The Chinese fleet was deployed into a northern group of eight ships and a southern group of three ships, with the French squadron lying in between. The wooden corvette Yangwu, the wooden gunboat Fuxing, the armed transport Fupo, the Rendel flatiron gunboats Jiansheng and Fusheng and the small paddle steamer Yixin were deployed on the northwest curve of the river, between the French ships and the Foochow Navy Yard. A little behind them lay the unarmed transports Yongbao and Chenhang, anchored just off the dockyard. The role of this northern group of ships was obviously to prevent the French from attacking the Navy Yard. Meanwhile, the armed wooden transports Ji'an and Feiyun and the wooden gunboat Zhenwei lay downstream of the French squadron, dangerously isolated on the southwesterly leg of the river, in front of the Customs building. Their job seems to have been to protect the Customs building and to block Courbet's exit from the Min River.

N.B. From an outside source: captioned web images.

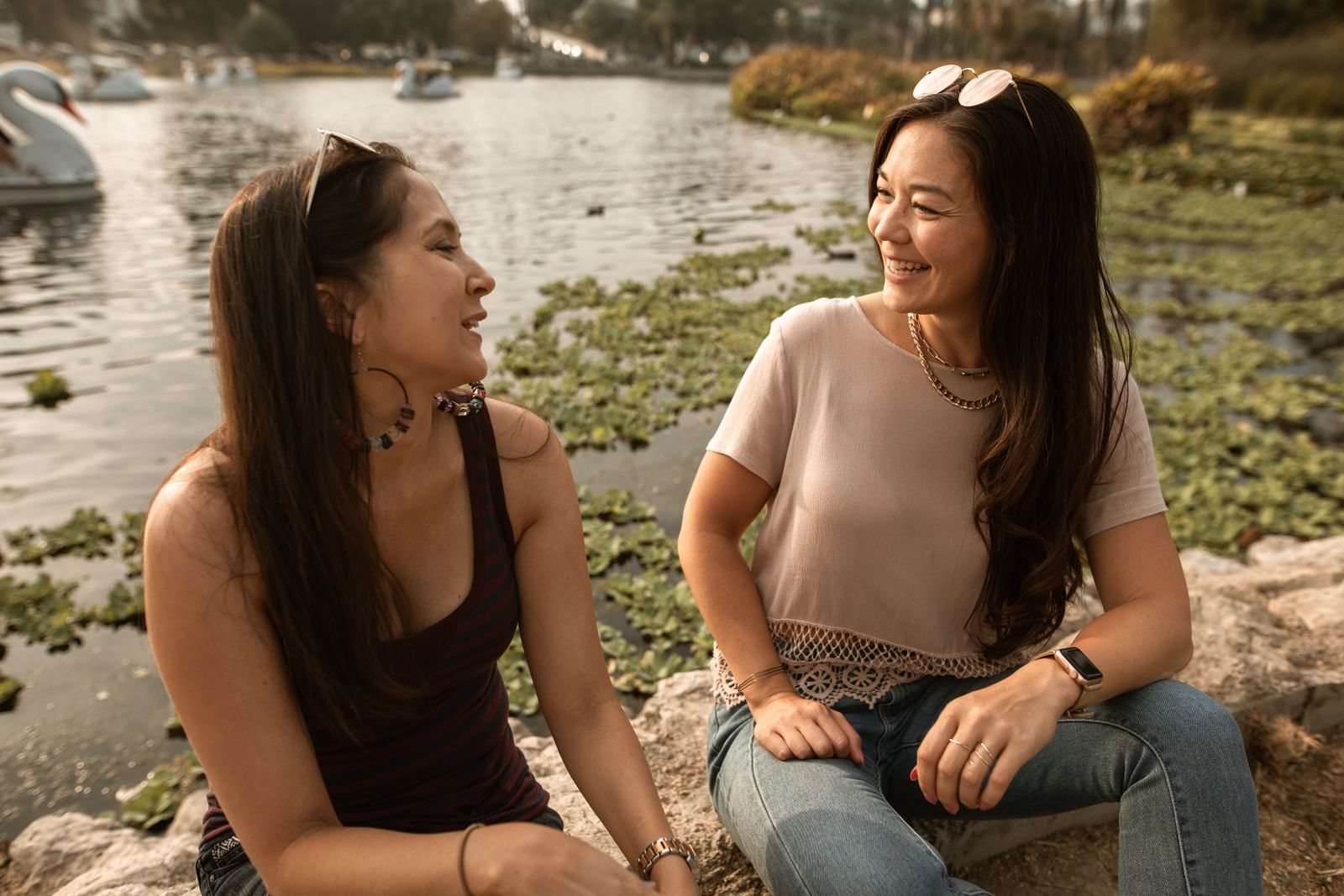 Two women sitting and smiling by the lake, enjoying the outdoors and friendship.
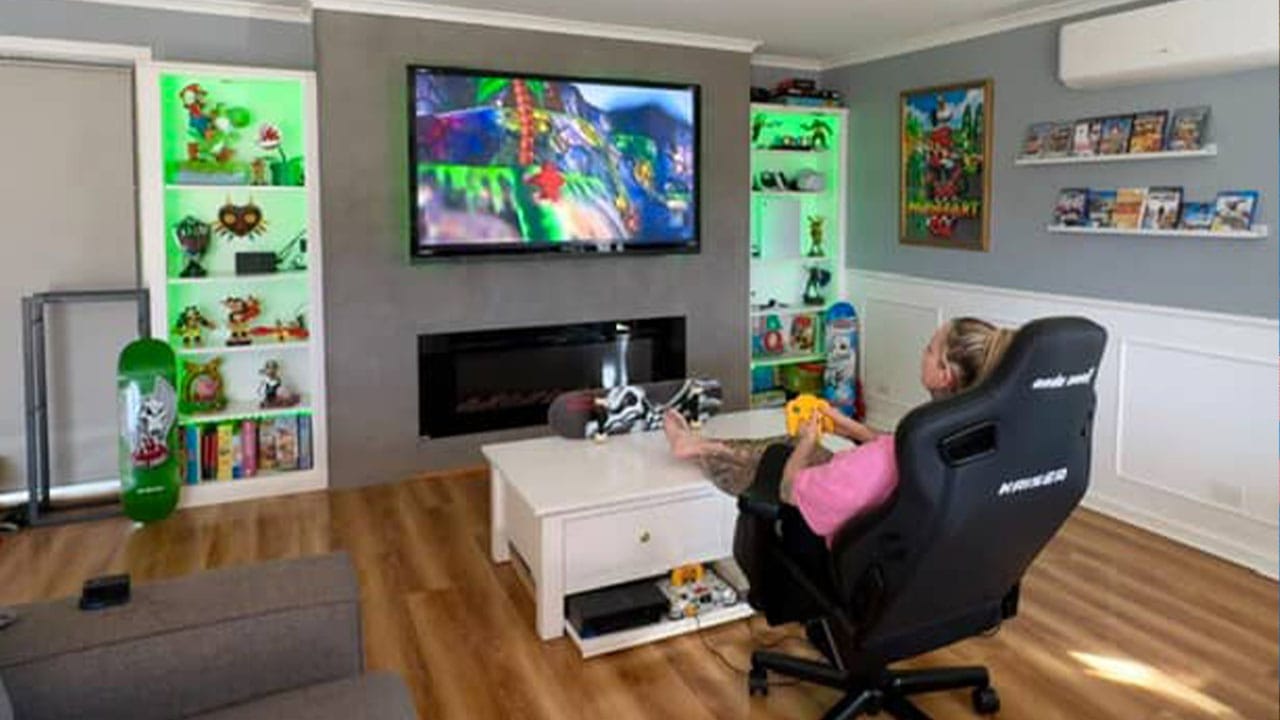 Maggie playing Donkey Kong 64 in her games room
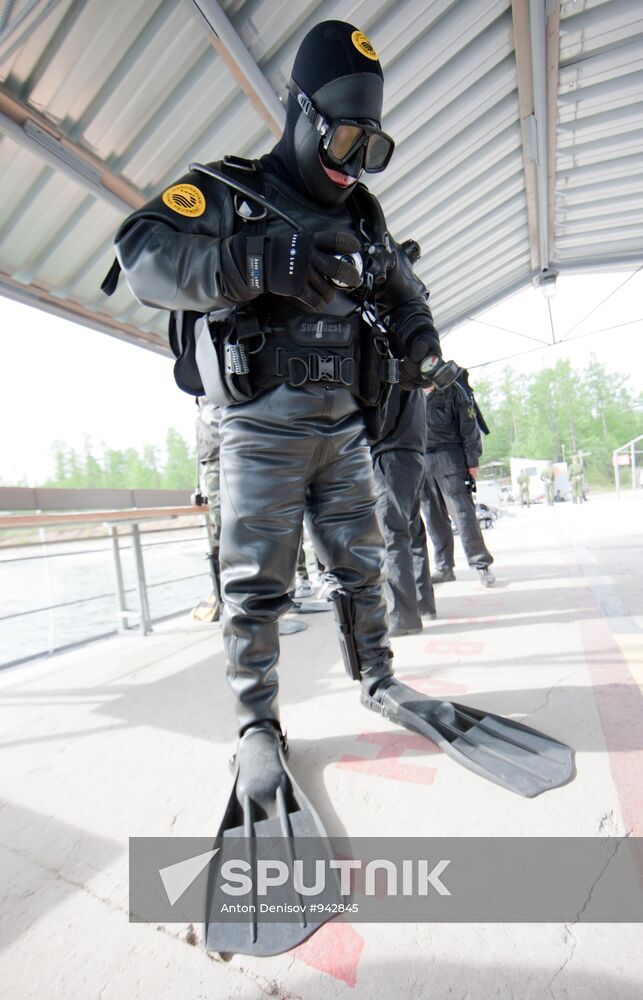 Military divers in training on Lake Baikal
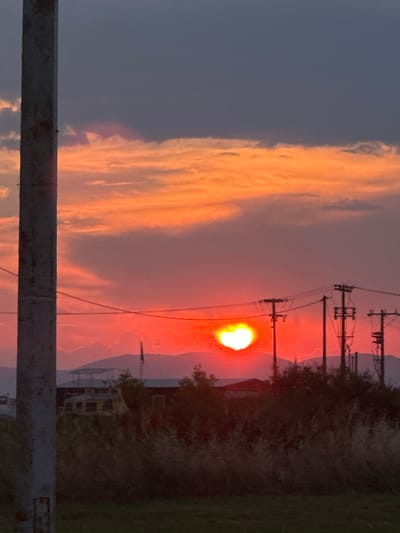 An outdoor, low-angle, vertical shot captures a sunset in Chaidefto, Greece. The sky transitions from dark gray at the top to vibrant orange and red hues closer to the horizon, illuminated by the setting sun. The sun itself appears as a bright, heart-shaped orb, emitting a warm glow. In the foreground, a weathered utility pole stands to the left, partially obscuring the view. Silhouetted against the colorful sky are distant mountains, power lines supported by utility poles, and the outlines of buildings and dense foliage. The overall scene is atmospheric and dramatic, dominated by the radiant sunset.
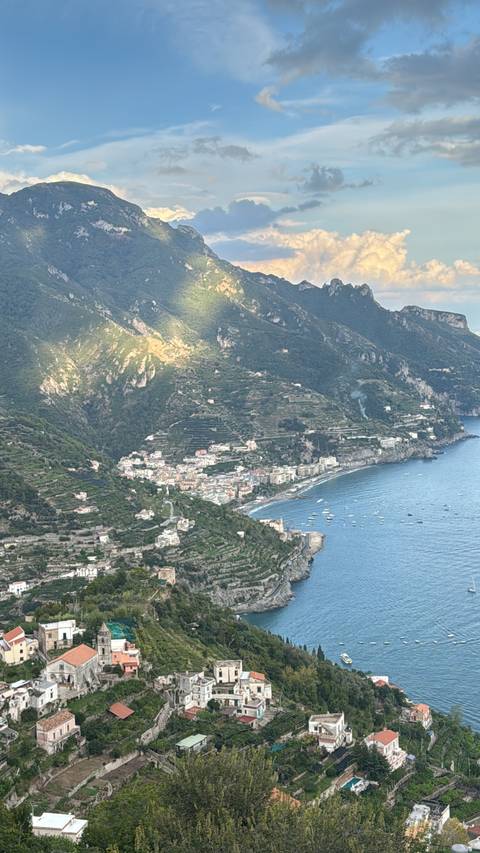 Aerial view of a coastal area with mountains and sea.
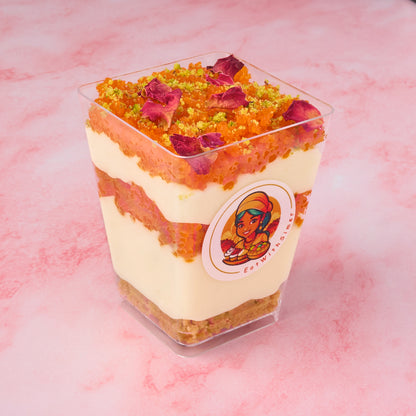 Layered Motichoor Cheesecake Mousse Cup showing biscuit base, cheesecake mousse and motichoor laddoo layer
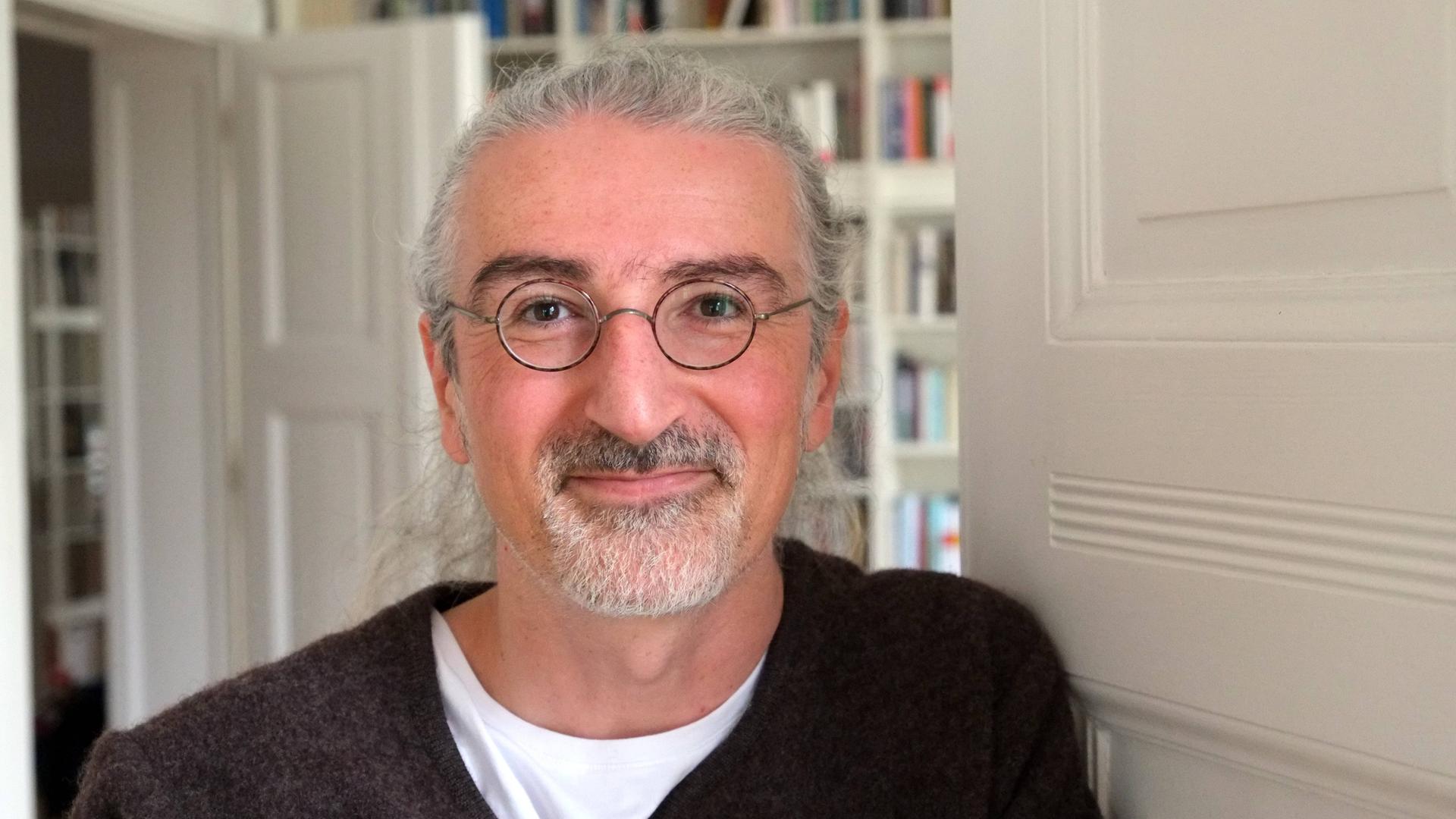 Porträtfoto des Schriftstellers Zoran Drvenkar, im Hintergrund sind weißgestrichene Türen und Bücherregale zu sehen. Porträtfoto des Schriftstellers Zoran Drvenkar, im Hintergrund sind weißgestrichene Türen und Bücherregale zu sehen.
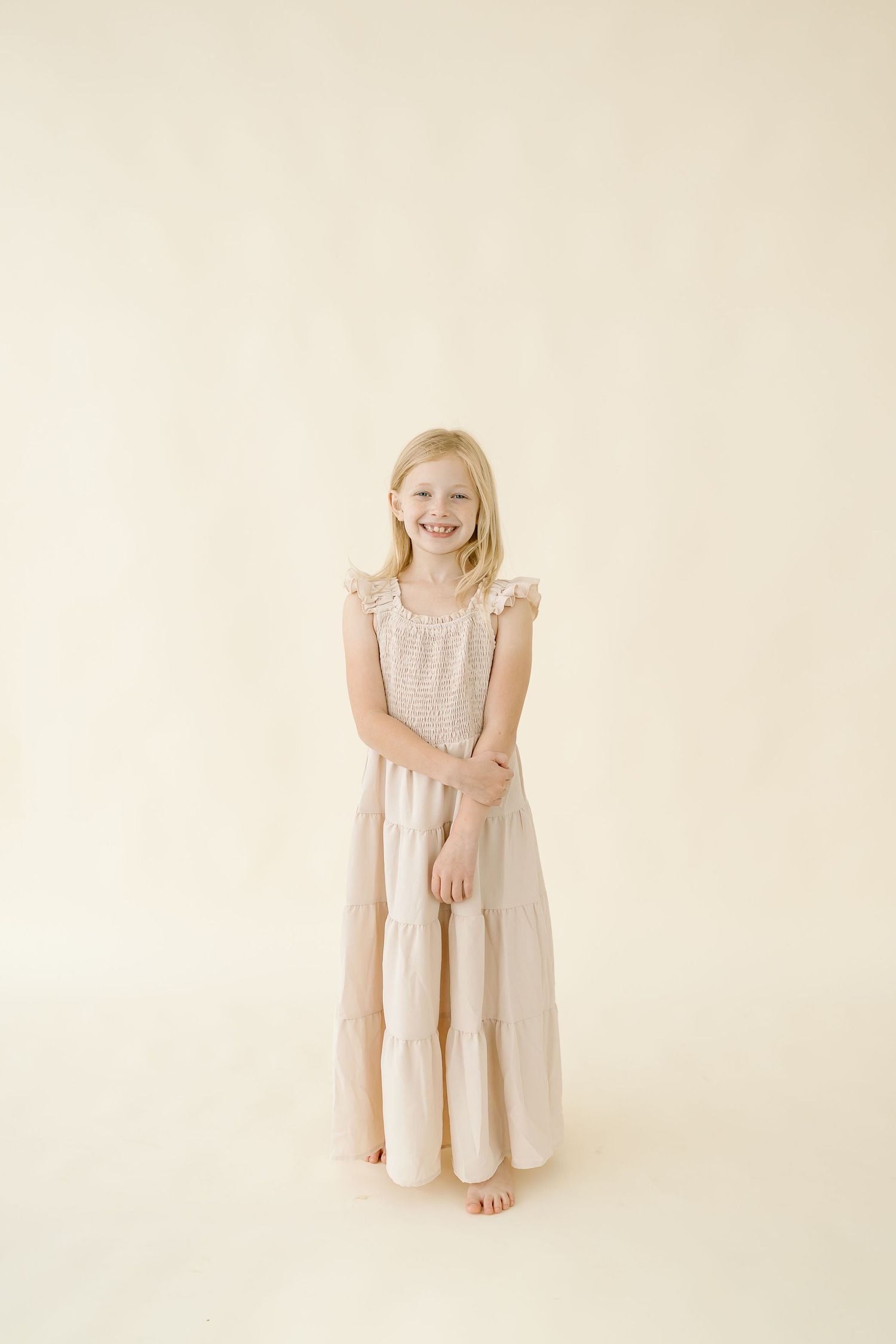 A barefoot figure in a flowing cream-colored tiered maxi dress stands against a light beige background.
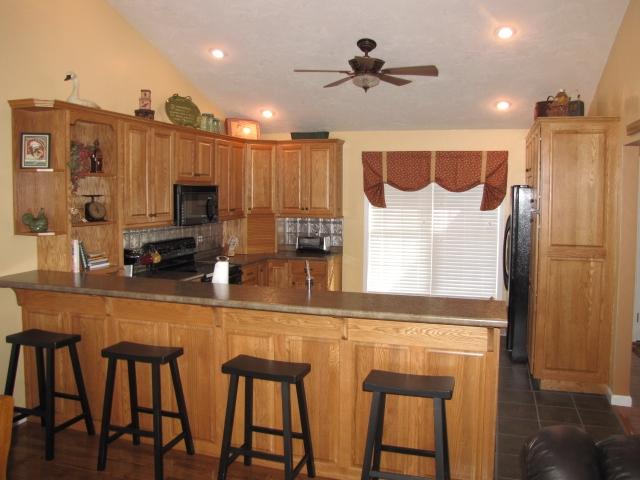1207 Rabbit Run Road Goodview, VA 24095 - Photo 8 of 36 a kitchen with stainless steel appliances kitchen island granite countertop a table chairs microwave and sink
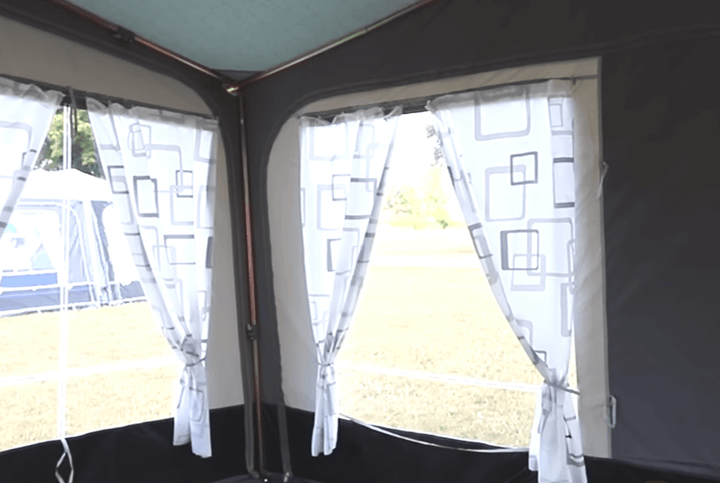 Camptech Duchess 340 porch awning interior view with patterned curtains and window panels, providing bright and spacious caravan extension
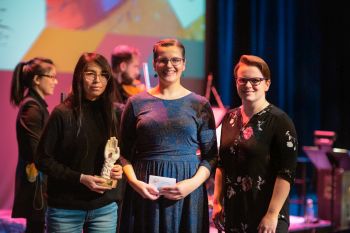 two women presenting a third individual with an award with band in background on stage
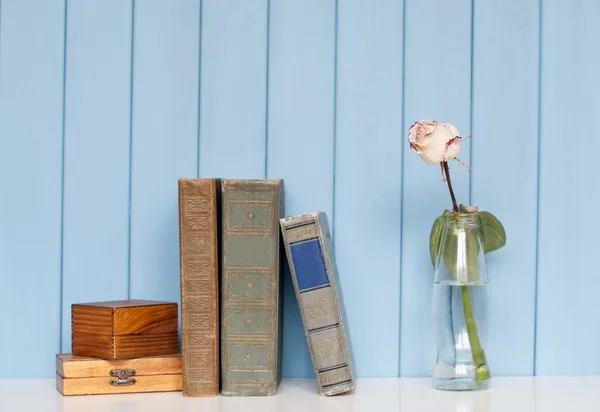 Livros pilha, duas caixas de madeira e rosa branca na garrafa — Fotografia de Stock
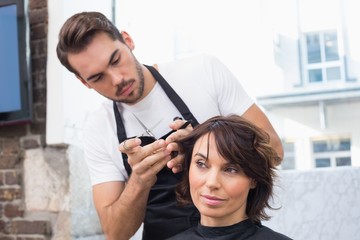 Handsome hair stylist with client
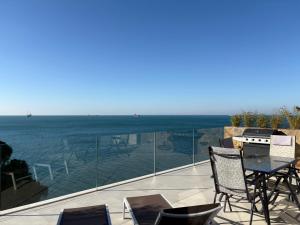 a balcony with a table and chairs and the ocean at Seaside Resort in Trieste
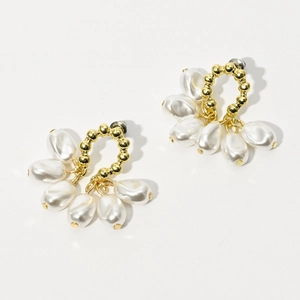 Detailed shot of 14K gold plated hoop earrings with cascading white teardrop pearls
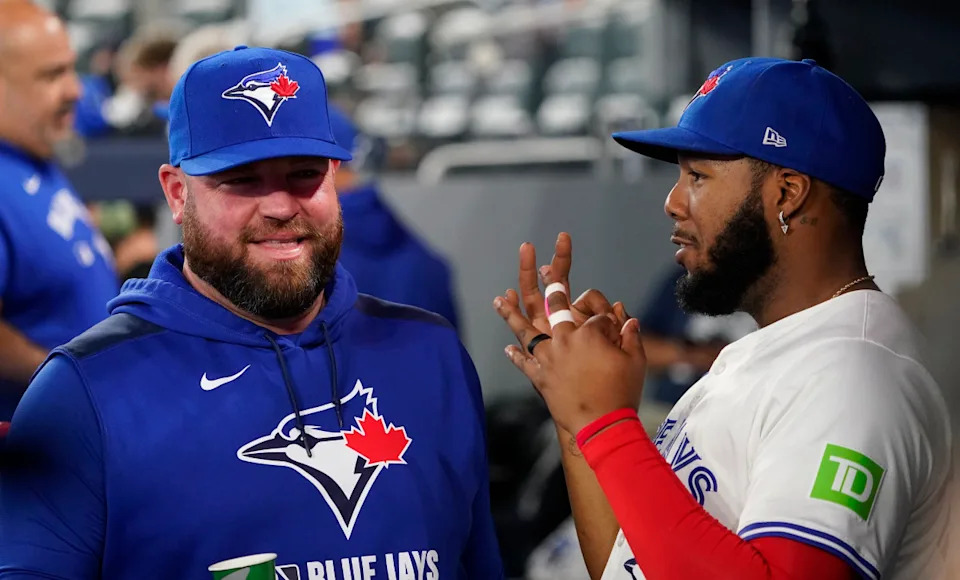 Blue Jays manager John Schneider and first baseman Vladimir Guerrero (27).John E&period; Sokolowski-Imagn Images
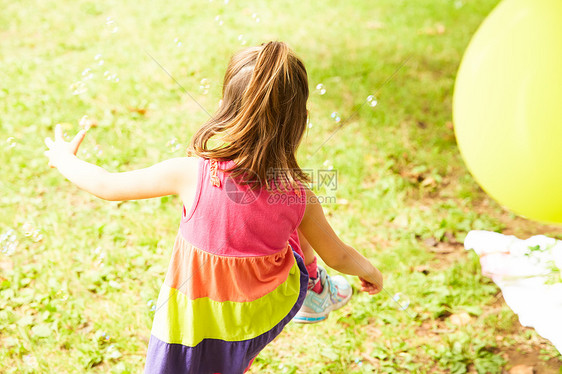 户外草地上孩子们玩肥皂泡泡图片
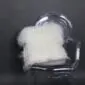 Square ivory Icelandic sheepskin cushion with long, shaggy wool texture resting on a .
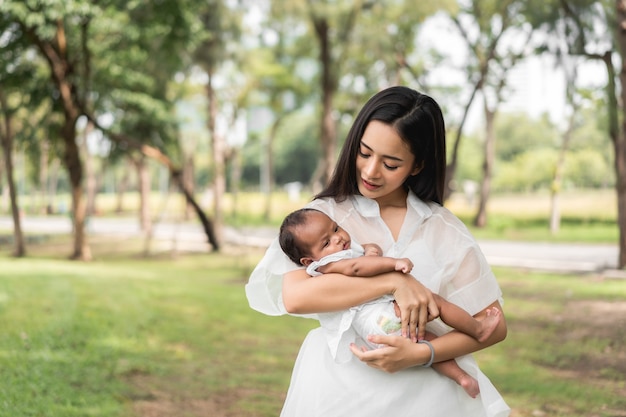 La madre hermosa joven asiática que sostiene a su recién nacido está durmiendo y se siente con amor y se toca suavemente y luego se sienta en la hierba verde en el parque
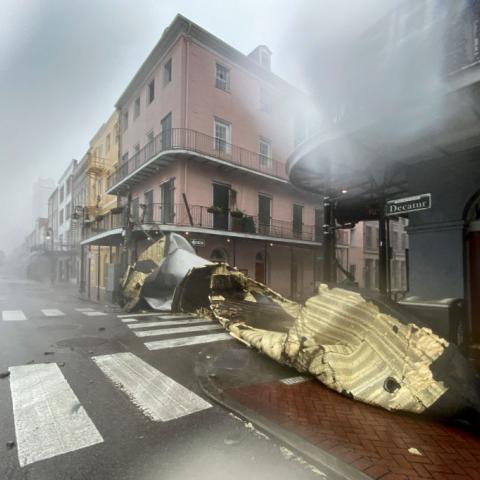 A section of a building's roof is seen after being blown off during rain and winds in the French Quarter of New Orleans, Louisiana on August 29, 2021 during Hurricane Ida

Courbet's plan provided for overwhelming firepower to be deployed against the Chinese fleet. He had noticed that the Chinese ships swung with the tide, and determined to make his attack just before the top of the tide at 2:00 pm on the following afternoon, Saturday 23 August, when with luck the Chinese ships would have swung away from the French ships and would be presenting their vulnerable sterns to the attackers. This timing was also important for another reason. If Triomphante successfully ascended the Min River, it was about then that she would be making her appearance.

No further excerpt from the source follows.